■ What you will do
Scan the records below and copy every line that contains the string "London".

▬▬▬

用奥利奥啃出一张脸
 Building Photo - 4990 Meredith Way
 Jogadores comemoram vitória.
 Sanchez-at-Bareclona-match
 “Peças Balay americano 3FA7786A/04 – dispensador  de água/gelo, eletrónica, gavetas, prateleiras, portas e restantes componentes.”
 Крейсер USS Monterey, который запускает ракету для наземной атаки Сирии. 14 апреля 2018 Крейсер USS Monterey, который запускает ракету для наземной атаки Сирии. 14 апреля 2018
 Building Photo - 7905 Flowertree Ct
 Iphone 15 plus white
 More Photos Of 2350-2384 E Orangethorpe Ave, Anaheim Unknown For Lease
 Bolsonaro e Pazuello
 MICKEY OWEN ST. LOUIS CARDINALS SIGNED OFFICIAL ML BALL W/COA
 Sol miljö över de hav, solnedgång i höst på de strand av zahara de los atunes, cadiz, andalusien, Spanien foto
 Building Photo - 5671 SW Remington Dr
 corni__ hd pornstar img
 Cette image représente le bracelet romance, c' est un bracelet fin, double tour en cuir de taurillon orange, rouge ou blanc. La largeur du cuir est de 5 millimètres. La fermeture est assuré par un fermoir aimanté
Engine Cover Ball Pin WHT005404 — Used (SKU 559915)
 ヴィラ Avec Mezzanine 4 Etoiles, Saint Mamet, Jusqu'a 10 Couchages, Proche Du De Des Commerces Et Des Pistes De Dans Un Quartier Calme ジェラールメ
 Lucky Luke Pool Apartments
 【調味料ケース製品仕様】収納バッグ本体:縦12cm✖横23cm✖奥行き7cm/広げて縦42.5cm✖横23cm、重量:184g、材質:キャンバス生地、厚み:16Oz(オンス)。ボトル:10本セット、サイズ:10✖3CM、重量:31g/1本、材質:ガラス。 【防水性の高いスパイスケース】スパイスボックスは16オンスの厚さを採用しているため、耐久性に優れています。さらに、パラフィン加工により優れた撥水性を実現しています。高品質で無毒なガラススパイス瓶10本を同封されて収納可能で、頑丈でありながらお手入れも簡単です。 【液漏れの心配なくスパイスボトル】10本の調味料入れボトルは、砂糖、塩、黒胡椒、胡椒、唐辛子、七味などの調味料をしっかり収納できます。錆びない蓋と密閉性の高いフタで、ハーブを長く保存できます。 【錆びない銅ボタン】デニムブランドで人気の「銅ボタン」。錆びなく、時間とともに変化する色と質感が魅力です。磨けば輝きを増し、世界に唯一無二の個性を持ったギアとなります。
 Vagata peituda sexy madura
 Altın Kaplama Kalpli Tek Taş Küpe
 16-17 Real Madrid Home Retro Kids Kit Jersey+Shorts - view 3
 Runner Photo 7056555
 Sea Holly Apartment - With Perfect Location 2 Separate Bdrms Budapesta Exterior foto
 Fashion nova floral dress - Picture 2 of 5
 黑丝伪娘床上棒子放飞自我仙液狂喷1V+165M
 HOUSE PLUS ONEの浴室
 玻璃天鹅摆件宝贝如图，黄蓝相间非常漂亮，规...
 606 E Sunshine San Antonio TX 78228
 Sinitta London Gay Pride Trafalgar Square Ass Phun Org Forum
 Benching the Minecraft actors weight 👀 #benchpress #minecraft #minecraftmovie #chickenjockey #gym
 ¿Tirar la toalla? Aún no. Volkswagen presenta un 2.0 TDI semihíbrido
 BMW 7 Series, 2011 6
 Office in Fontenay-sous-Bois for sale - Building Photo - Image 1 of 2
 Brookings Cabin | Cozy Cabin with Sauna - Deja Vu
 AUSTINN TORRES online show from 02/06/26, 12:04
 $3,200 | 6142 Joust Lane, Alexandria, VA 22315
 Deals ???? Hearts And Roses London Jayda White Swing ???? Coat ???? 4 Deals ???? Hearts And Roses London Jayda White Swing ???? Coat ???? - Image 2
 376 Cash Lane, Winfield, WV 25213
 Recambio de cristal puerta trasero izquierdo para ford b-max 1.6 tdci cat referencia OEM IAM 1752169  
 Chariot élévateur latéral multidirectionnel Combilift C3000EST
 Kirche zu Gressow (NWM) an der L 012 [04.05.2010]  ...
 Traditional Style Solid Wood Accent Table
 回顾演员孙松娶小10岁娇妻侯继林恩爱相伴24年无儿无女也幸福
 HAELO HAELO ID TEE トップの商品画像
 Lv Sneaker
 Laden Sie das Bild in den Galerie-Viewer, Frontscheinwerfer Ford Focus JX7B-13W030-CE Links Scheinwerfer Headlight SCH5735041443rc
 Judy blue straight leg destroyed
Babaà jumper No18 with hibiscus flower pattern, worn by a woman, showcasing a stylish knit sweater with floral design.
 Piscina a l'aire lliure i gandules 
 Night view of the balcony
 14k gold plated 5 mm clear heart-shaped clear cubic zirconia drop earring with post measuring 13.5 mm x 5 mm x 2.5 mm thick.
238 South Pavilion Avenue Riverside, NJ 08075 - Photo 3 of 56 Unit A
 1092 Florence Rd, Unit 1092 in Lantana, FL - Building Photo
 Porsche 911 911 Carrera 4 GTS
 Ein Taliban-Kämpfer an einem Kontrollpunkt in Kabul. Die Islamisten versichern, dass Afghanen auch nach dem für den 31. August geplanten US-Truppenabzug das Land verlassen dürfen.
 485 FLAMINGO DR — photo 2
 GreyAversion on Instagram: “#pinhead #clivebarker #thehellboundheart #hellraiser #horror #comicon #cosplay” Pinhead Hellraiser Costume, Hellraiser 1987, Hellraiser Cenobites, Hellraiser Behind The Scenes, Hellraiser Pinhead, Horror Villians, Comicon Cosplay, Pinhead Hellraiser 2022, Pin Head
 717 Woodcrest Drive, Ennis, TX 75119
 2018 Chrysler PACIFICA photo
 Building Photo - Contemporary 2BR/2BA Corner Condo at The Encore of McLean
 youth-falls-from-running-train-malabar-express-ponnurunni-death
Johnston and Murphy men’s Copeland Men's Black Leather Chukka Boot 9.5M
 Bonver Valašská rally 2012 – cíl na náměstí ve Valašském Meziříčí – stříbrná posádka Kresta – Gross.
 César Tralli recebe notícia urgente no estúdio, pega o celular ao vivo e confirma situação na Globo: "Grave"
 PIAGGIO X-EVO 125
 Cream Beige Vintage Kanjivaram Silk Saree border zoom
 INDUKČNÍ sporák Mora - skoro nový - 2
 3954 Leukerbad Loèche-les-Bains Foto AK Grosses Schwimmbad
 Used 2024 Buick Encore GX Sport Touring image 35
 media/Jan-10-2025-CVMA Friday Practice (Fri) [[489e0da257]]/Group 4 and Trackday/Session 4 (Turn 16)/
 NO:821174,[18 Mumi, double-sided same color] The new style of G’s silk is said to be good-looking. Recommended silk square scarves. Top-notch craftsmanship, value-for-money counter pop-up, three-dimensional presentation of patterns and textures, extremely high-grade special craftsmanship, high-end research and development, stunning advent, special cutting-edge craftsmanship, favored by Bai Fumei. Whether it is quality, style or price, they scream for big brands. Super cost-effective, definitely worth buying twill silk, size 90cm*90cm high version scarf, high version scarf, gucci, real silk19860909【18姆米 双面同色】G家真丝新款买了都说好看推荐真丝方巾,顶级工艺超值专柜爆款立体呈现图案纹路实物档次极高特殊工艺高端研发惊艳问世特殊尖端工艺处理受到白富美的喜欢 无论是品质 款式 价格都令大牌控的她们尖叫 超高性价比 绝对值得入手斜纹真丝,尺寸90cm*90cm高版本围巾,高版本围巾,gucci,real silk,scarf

▬▬▬

■ Result for this exercise
 Sinitta London Gay Pride Trafalgar Square Ass Phun Org Forum
 Deals ???? Hearts And Roses London Jayda White Swing ???? Coat ???? 4 Deals ???? Hearts And Roses London Jayda White Swing ???? Coat ???? - Image 2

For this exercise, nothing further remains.